Although the availability of targeted radionuclide therapy for cancer patients is growing, the radiation toxicity is still the main limitation of this therapeutic approach. Therefore, the importance of personalized dosimetry for safe and effective personalized treatment is emphasized. Although a practical and robust dosimetry method is necessary for the routine use and wide clinical adaptation, the investigators who dedicate themselves to improve the accuracy of dosimetry should be continuously encouraged for us to achieve better treatment outcome and patient safety. SPECT/CT and PET/CT enable more accurate estimation of the time-integrated activity than planar scintigraphy. However, these tomographic methods are less practical than planar scintigraphy because we should acquire sequential data sets for the radiation dose calculation. A hybrid method that combines planar and tomographic imaging data would be a good alternative to the sequential tomographic imaging studies considering the trade-off between accuracy and practicability. Although voxel-based dosimetry based on Monte Carlo (MC) simulation that accounts for heterogeneous activity and medium distribution provides an accurate dosimetry estimate, MC simulation demands extensive computational resources and time.
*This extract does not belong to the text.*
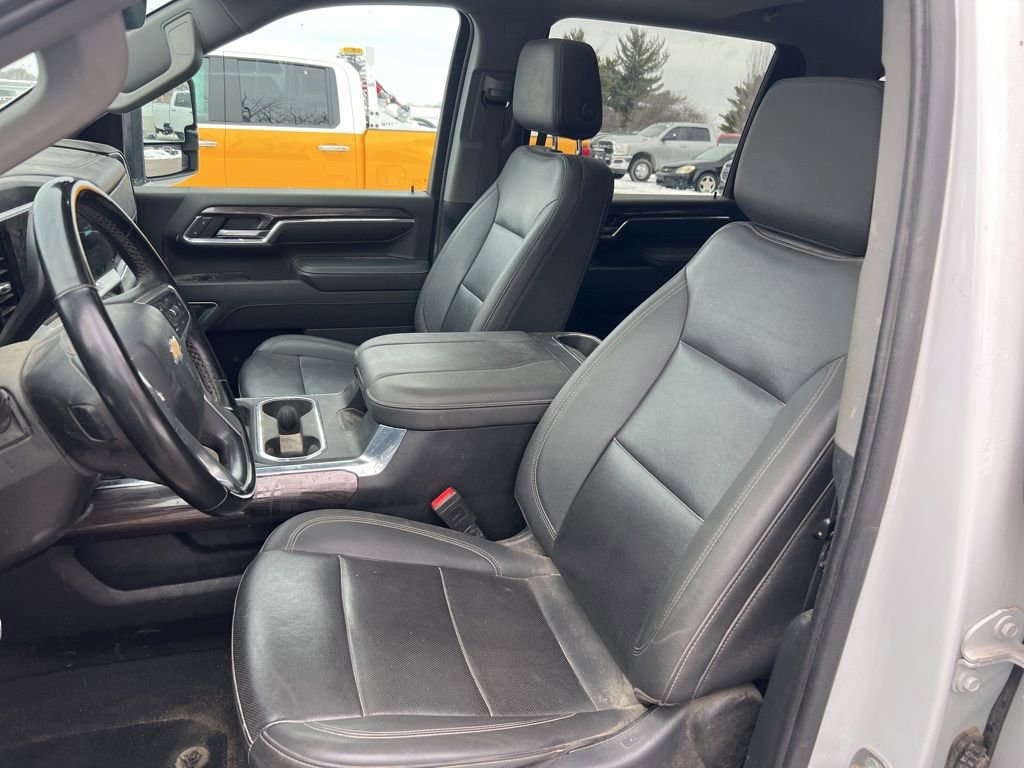 Used 2024 Chevrolet Silverado 2500 LTZ w/ LTZ Convenience Package image 29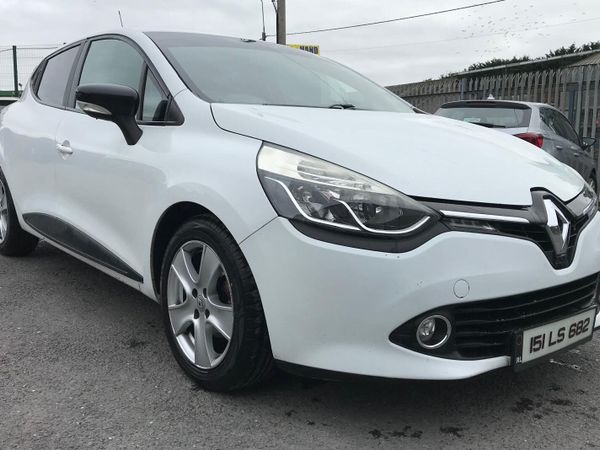 Renault Clio Hatchback, Diesel, 2015, White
A recent study showed that a less time-consuming multiple voxel S-value approach yielded compatible dosimetry estimates in voxel level to those of direct MC simulation.

Conclusion

Developing countries are now facing increased risk of NCDs. We now have the concept of theranostics and in vivo companion diagnostics, which is the key component for nuclear medicine to fight against such a crisis. However, with the efforts of physicians alone, we insist that we cannot move on. Nuclear medicine, which has inherent multidisciplinary nature, can truly develop when collaborating with basic scientists such as nuclear medicine physicists and radiopharmaceutical scientists. We have the tools and methods, and above all the good will, to realize the future. By building up workshop experiences, education materials, and clinical cases, we are developing a web-based e-learning platform, which can also be used as a communication channel for global nuclear medicine society. Using an e-learning platform we can accelerate the continuous propagation of up-to-date basic science achievements, which can be customized to the developing countries and state-of-the art nuclear medicine practice globally over the countries and continents. The first breed of basic scientists in developing countries can adapt themselves to get connected with the rapidly evolving disciplines of theranostics and therapy in nuclear medicine, finally enhancing nuclear medicine to the benefits of humankind, regardless of their country’s current socioeconomic status. Or rather, at least the maximal benefits from nuclear medicine allowed now and limited by their current level of economic development.